A matter of doubt
on Normal People by Sally Rooney
Connell and Marianne spend their lives searching for a love they had been refused while growing up. Marianne, in particular, seeks a singular kind of validation: She admits, at one point: “He tells her she’s beautiful. She has never heard that before, though she has sometimes privately suspected it of herself, but it feels different to hear it from another person.”
Too often I hear that we must love ourselves before we love another, yet Marianne was able to express some manifestation of love despite her inhibitions. It is a great privilege, I think, to seek inner love and receive it painlessly. It’s hard for me to believe that one can exercise love without ever being shown it. It cannot be learned in a vacuum. After all, we all yearn for reciprocity. We all doubt and question our worth, and it is only survival instinct to seek external validation. But at what point are we finally convinced of our worth, and will we ever be the final judge?
I think about how I was raised: My father spent countless nights reading us bedtime stories, and my mother never failed to send us to school with toast and a glass of milk. My sister readily shared her insecurities to ease my own; and my dearest friends, having seen me most obnoxious, still shone a light through the cracks. I’ve been unbelievably lucky. And yet, unkind words and thoughtless acts still break my spirit, silently piercing the resolve I’ve painstakingly built over the years.
I’ve always found this rather stupid.
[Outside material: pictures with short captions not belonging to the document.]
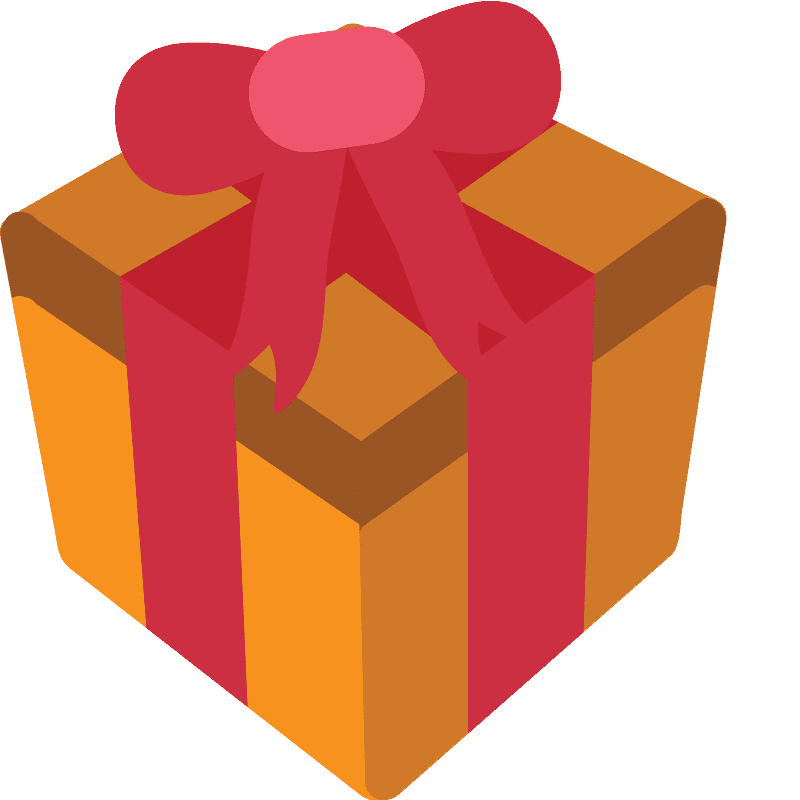 Wrapped gift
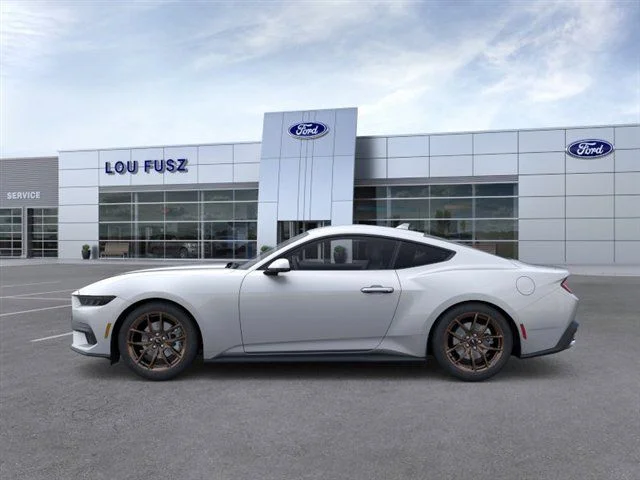 New 2026 Iconic Silver Metallic Ford EcoBoost Premium image 27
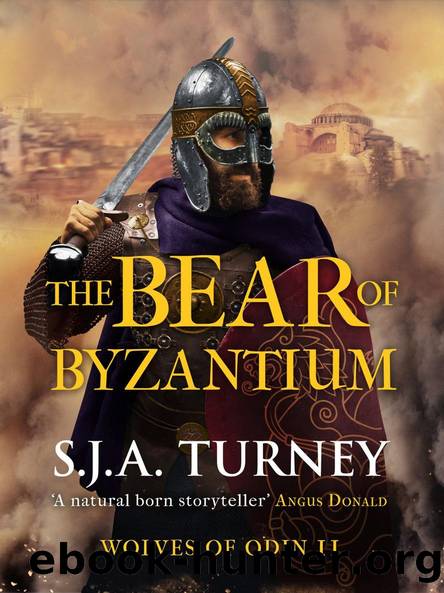 The Bear of Byzantium by S.J.A. Turney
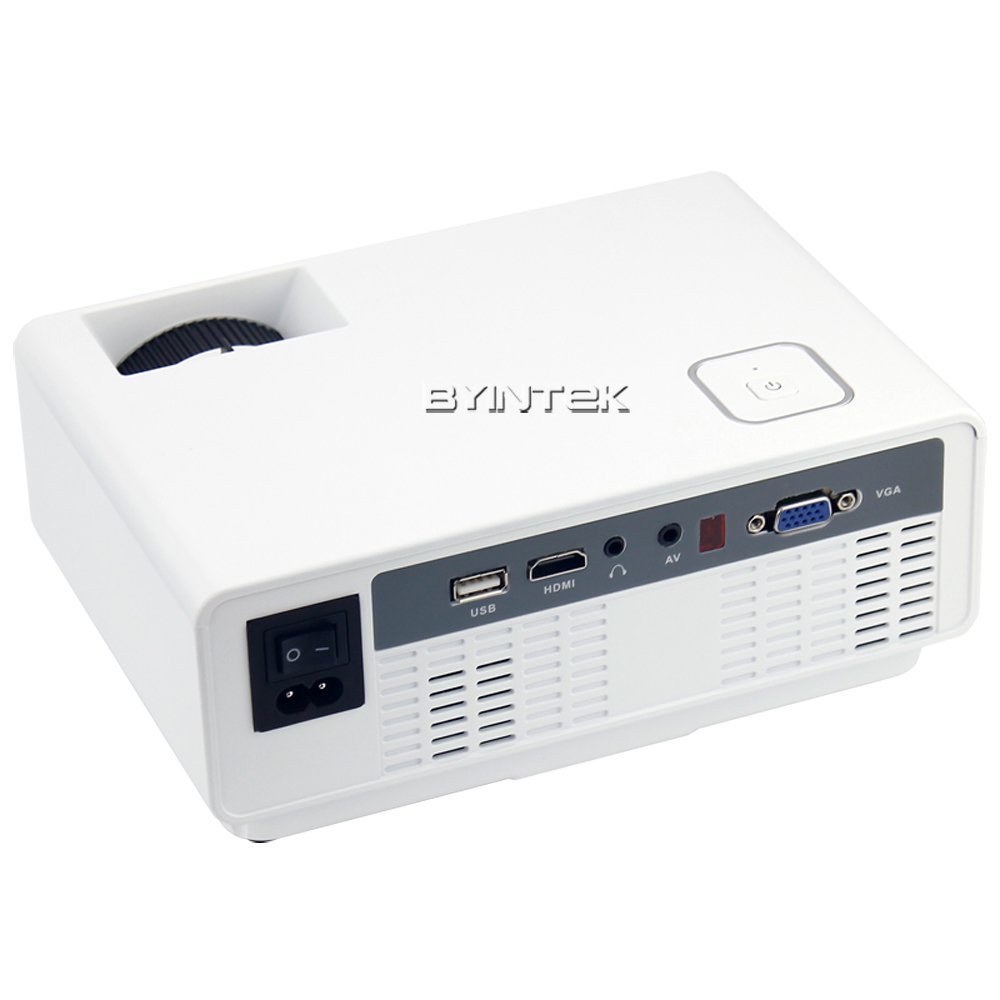 Mini LED LCD Projector ML218 Portable 1800lumens HDMI USB VGA Multimedia Projector for Home Theater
But I stop to remind myself that my mind is the cruelest of any juror, and we do ourselves a great injustice by never seeing ourselves from the eyes of those that love us. I remember then that I have been fully equipped for the act of love. I have been shown kindness and respect, and to reciprocate is an elementary deed. It’s an unending cycle, I think. New insecurities emerge, doubts accumulate, anxieties grow torturous. It is human to seek validation elsewhere, to ask to be shown love and kindness as one would ask to be taught a new language. “For a human being, nothing comes naturally,” the ever-rational Philip Pullman once wrote, “we have to learn everything we do.”